What to produce:
Below is a listing. Return the lines from the one that contains "stad kaapstad zuid" to the one that contains "FungLam Plastic Produce", both ends included, verbatim and with no pictures.

Data:

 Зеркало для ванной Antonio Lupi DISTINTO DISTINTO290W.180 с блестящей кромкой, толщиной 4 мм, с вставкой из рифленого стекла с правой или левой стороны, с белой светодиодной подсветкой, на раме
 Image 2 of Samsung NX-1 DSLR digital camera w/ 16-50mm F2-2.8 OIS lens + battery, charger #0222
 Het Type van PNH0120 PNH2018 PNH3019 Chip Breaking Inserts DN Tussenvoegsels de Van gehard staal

---

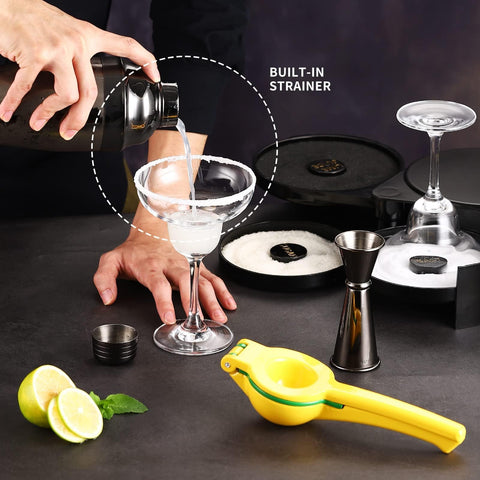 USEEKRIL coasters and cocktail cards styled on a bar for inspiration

--

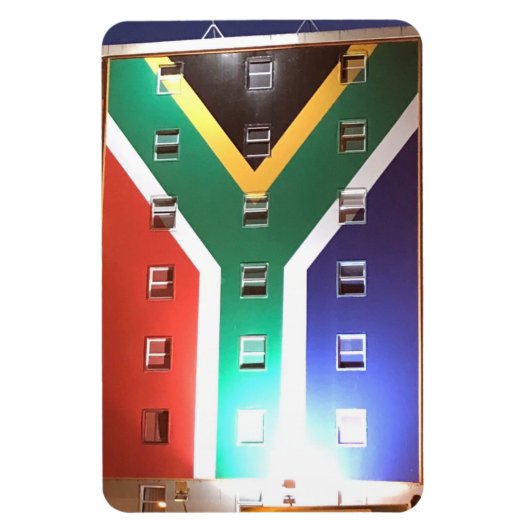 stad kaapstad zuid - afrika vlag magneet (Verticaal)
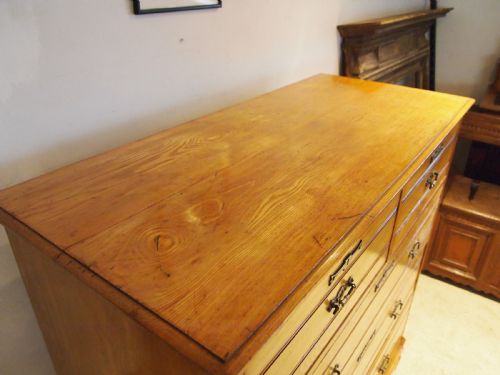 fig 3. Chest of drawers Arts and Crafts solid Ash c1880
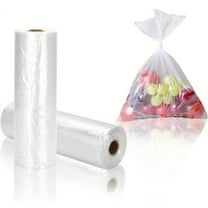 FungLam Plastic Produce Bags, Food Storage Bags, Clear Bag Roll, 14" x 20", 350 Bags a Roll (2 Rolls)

Task answer:
 stad kaapstad zuid - afrika vlag magneet (Verticaal)
 fig 3. Chest of drawers Arts and Crafts solid Ash c1880
 FungLam Plastic Produce Bags, Food Storage Bags, Clear Bag Roll, 14" x 20", 350 Bags a Roll (2 Rolls)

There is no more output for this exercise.